Il y a aussi une autre réalité qui passe sous les radars : le décès d’adolescentes au sein de couples très jeunes. Sophie Boutboul et Sarah Brethes ont publié un article sur ce sujet dans Médiapart. Elles rappellent qu’au moins cinq adolescentes et jeunes filles ont été victimes de féminicide au sein du couple depuis le début de cette année. La plus jeune, Emma, avait seulement 14 ans. Le 4 juin dernier, son petit ami, lui aussi âgé de 14 ans, l’a étranglée et poignardée à une dizaine de reprises.

Comment peut-on tuer en étant si jeune ?

Les deux journalistes ont interrogé Ernestine Ronai, responsable de l’Observatoire départemental des violences envers les femmes de Seine-Saint-Denis. Pour elle, ces drames « font toujours écho à cette notion de possession, de jalousie, ce “tu es à moi, tu ne sors qu’avec moi, tu ne danses qu’avec moi”, très présent chez les adolescents ». « C’est sur ces représentations qu’il faut travailler en priorité », dit-elle. Il semble bien que les jeunes filles sont les premières victimes de tous types de violences sexistes et sexuelles, mais finalement elles sont peu détectées.

« À l’adolescence, il y a des croyances hyperancrées sur ce qu’il faut faire quand on est en couple, qu’on appartient à l’autre, que c’est normal qu’il nous contrôle… » explique dans cet article Marie Gervais, autrice, survivante de violences de ses 16 à ses 24 ans. Cette réalité est confirmée par Louise Delavier, qui intervient avec En avant toute(s) dans certains collèges et lycées, sur des plages horaires de six heures par classe.« Les jeunes violentées, c’est un angle mort de la prise en charge des victimes. Aussi parce qu’il y a de l’“âgisme” : les jeunes filles sont moins crues par les adultes quand elles dénoncent des choses, elles sont plus vite jugées, il y a une tendance à penser qu’elles exagèrent. Elles sont doublement discriminées en tant que femmes et en tant que jeunes »

« Il m’a un peu étranglé »

« Parmi les récits de jeunes femmes qui ont toutes moins de 26 ans, certaines nous disent : “Il m’a un peu étranglée” : non, c’est une tentative de meurtre ». Rappelle Louise Delavier. Marie Larue, psychologue à l’association d’accompagnement de femmes et enfants victimes de violences Women Safe, le déplore : « Il n’y a pas d’accompagnement à l’éducation du couple, et la question du consentement n’est pas du tout travaillée au niveau de l’école, celle de la violence non plus, donc forcément ça va laisser des jeunes se dépatouiller avec tout ça, cela crée des situations compliquées. »

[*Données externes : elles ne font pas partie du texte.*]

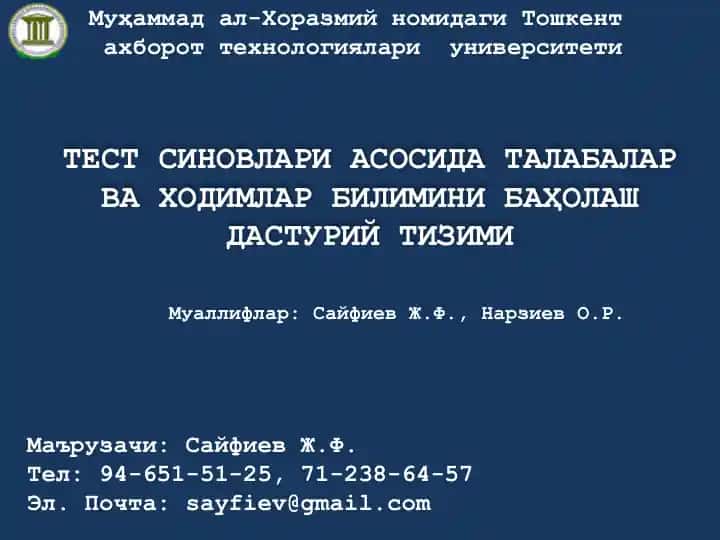 Тест Синовлари Асосида Талабалар ва Ходимлар Билимини Баҳолаш Дастурий Тизими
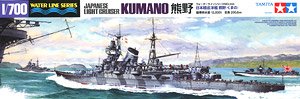 日本軽巡洋艦 熊野 (プラモデル)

Nous avons en tant que travailleurs sociaux un travail d prévention à engager lorsque nous sommes en contact avec des adolescents. Souvent, nous ne soupçonnons pas ce que peuvent vivre certaines jeunes filles qui banalisent complètement les maltraitances en leur donnant une autre signification. Marie Larue,, explique sur Médiapart que le problème est aussi et surtout éducatif : « Il n’y a pas d’accompagnement à l’éducation du couple, et la question du consentement n’est pas du tout travaillée au niveau de l’école, celle de la violence non plus, donc forcément ça va laisser des jeunes se dépatouiller avec tout ça, cela crée des situations compliquées. »

Nous avons vraiment à nous former sur ce sujet.